Start of Information provided

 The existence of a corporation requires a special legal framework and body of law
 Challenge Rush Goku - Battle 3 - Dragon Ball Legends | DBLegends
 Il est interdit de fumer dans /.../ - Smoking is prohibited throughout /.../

End of Information provided

**What needs to be done:** In your reply, write out all of the material exactly as it was given.

**Solution to this exercise:**
 The existence of a corporation requires a special legal framework and body of law
 Challenge Rush Goku - Battle 3 - Dragon Ball Legends | DBLegends
 Il est interdit de fumer dans /.../ - Smoking is prohibited throughout /.../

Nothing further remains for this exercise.